*Problem requirements*.
In the records below, find the line that contains "CAV-C900334A H06 Hortum" and the line that contains "Framed Print : California". Set down exactly those lines and every line between them, and nothing more.

*Record excerpts*.
○ ○ ○

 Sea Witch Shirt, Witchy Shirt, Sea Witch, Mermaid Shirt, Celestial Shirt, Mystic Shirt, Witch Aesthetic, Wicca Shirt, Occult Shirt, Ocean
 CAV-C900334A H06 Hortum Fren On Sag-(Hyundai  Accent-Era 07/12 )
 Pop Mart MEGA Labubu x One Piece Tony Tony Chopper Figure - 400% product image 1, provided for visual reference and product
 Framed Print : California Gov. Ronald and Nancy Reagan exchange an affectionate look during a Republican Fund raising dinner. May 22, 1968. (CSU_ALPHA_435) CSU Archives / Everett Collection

○ ○ ○

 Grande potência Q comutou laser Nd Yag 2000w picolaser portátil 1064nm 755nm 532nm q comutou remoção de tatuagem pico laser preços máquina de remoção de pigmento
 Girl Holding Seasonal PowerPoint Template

○ ○ ○

*Task output*.
 CAV-C900334A H06 Hortum Fren On Sag-(Hyundai  Accent-Era 07/12 )
 Pop Mart MEGA Labubu x One Piece Tony Tony Chopper Figure - 400% product image 1, provided for visual reference and product
 Framed Print : California Gov. Ronald and Nancy Reagan exchange an affectionate look during a Republican Fund raising dinner. May 22, 1968. (CSU_ALPHA_435) CSU Archives / Everett Collection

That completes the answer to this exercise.